Lawyers Compete, Except in Bonuses


The New York Times

BONUSES on Wall Street are going to be bad this year, except if you work at Goldman Sachs. Or, oddly enough, if you’re an associate at a white-shoe law firm. (Granted, the scale of banking bonuses is in a rarefied class of its very own, even when compared with law firms, but bear with me).

Cravath, Swaine & Moore announced last month that it was doling out special bonuses to associate lawyers of $10,000 to $50,000. The special bonus is in addition to the regular bonuses of $35,000 to $60,000, depending on seniority. When you add it all up, second-year associates will pocket $225,000 this year, more than John G. Roberts Jr., chief justice of the United States. (He makes $212,000.)

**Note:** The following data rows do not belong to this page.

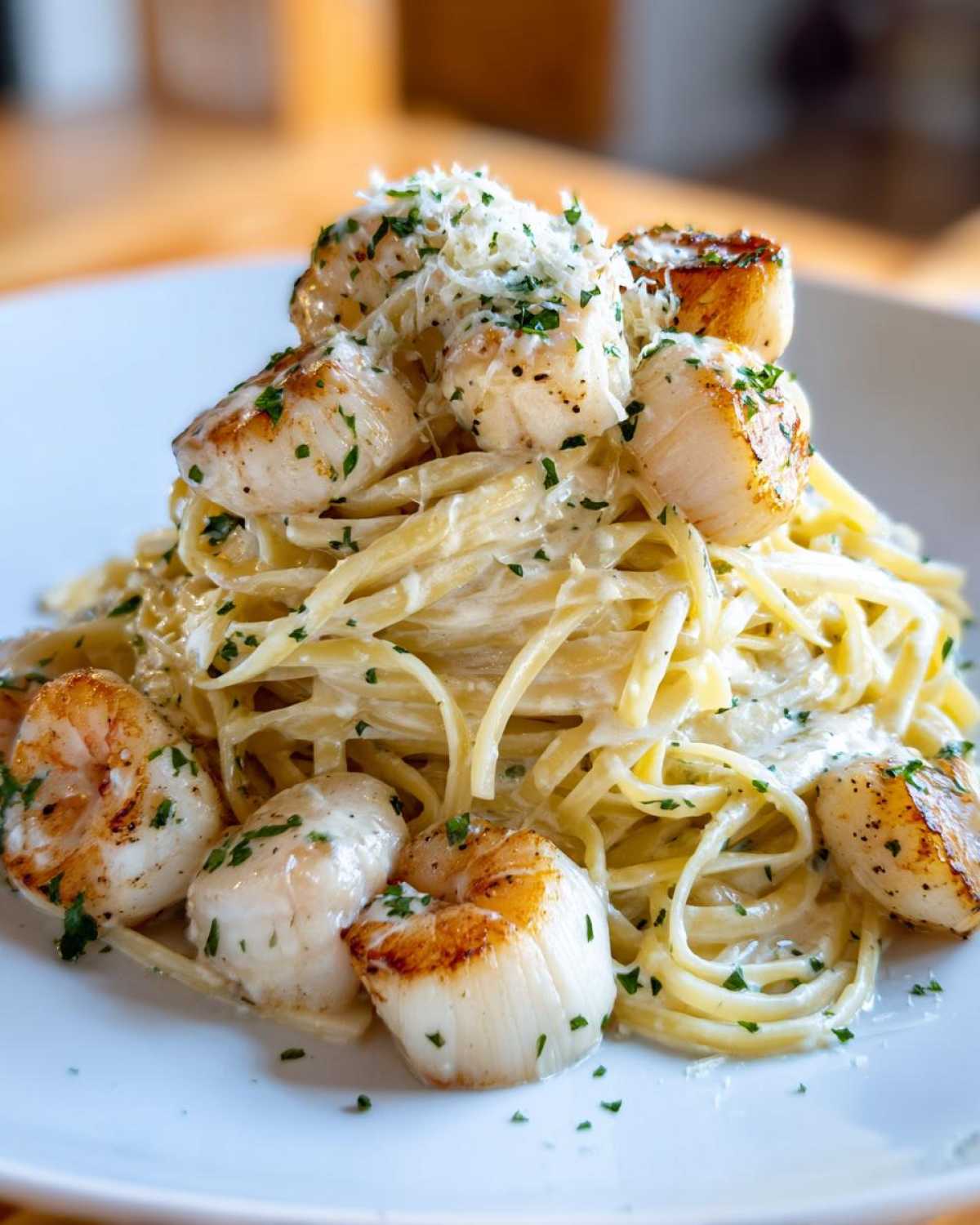 A close-up of creamy seafood pasta topped with perfectly seared scallops and grated cheese.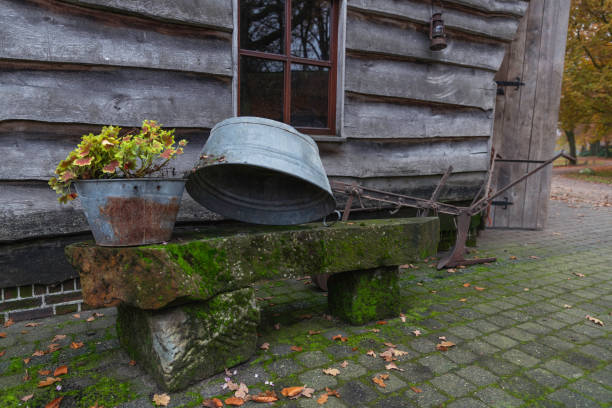 old zinc tub with old agricultural tools in a yard on a bench made of stones overgrown with moss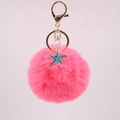 Detail of pink faux fur pompom keychain with golden metal clasp and starfish charm - Watermelon red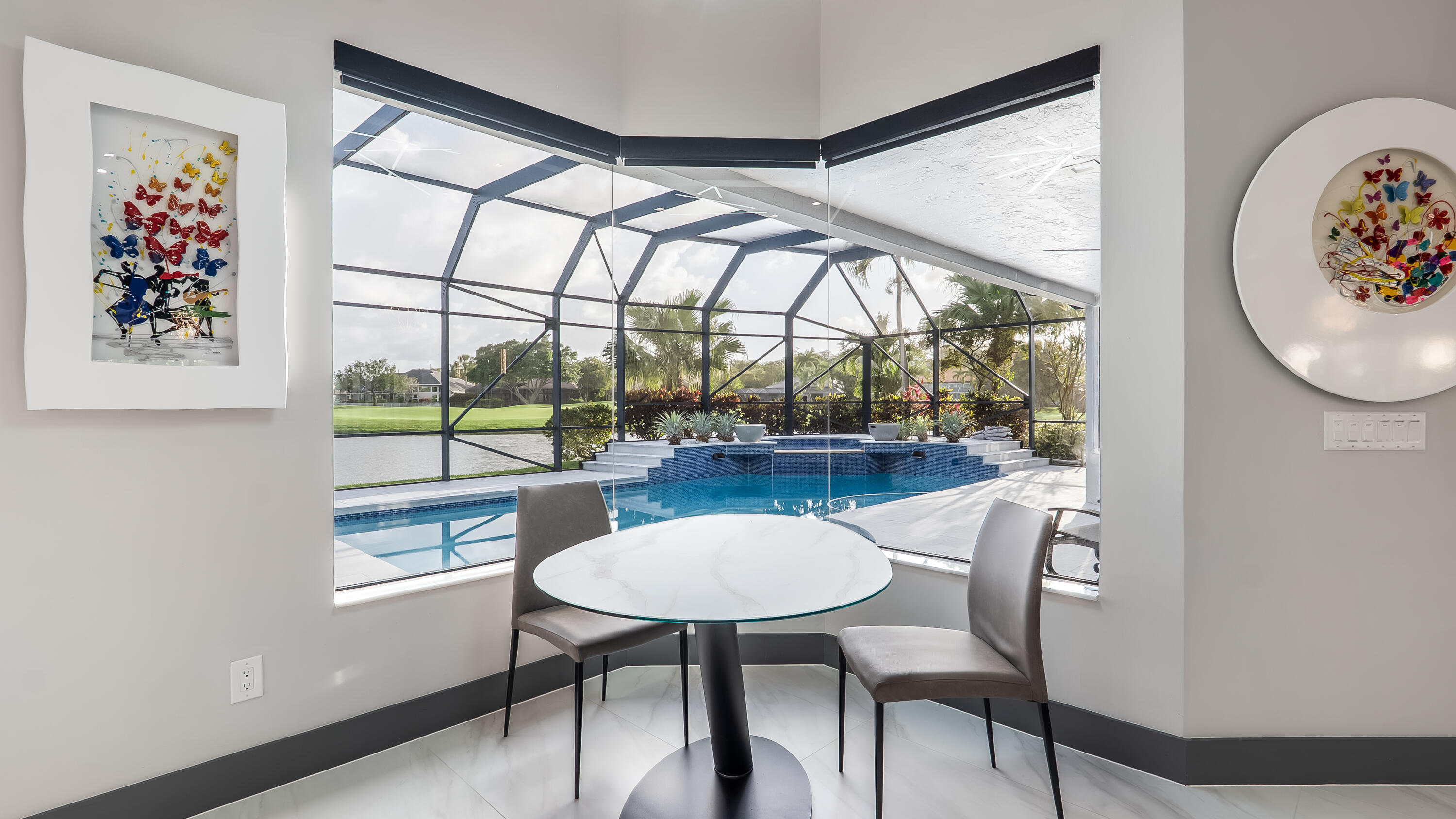 17683 Sealakes Drive Boca Raton, FL 33498 - Photo 55 of 61 a view of a dining room with furniture and a window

Just days later, Debevoise & Plimpton announced it would match the new bonuses virtually dollar for dollar, as if it had simply copied and pasted the numbers directly from Cravath’s memo. Almost in unison, most other top law firms followed suit.

Lawyers are smart, but this herd mentality seems absolutely irrational, economically speaking — and not because the compensation is too high. The top law firms have been stuck in copycat mode for years. As soon as one of them raises salaries for associates, the others fall in line almost immediately.

At first glance, it makes sense in a free-market kind of way that law firms rush to match one another’s compensation packages. They have to compete for talent, especially for the annual crop of law school graduates. Indeed, if they never raised salaries or bonuses, they would probably be accused of conspiring to keep costs down.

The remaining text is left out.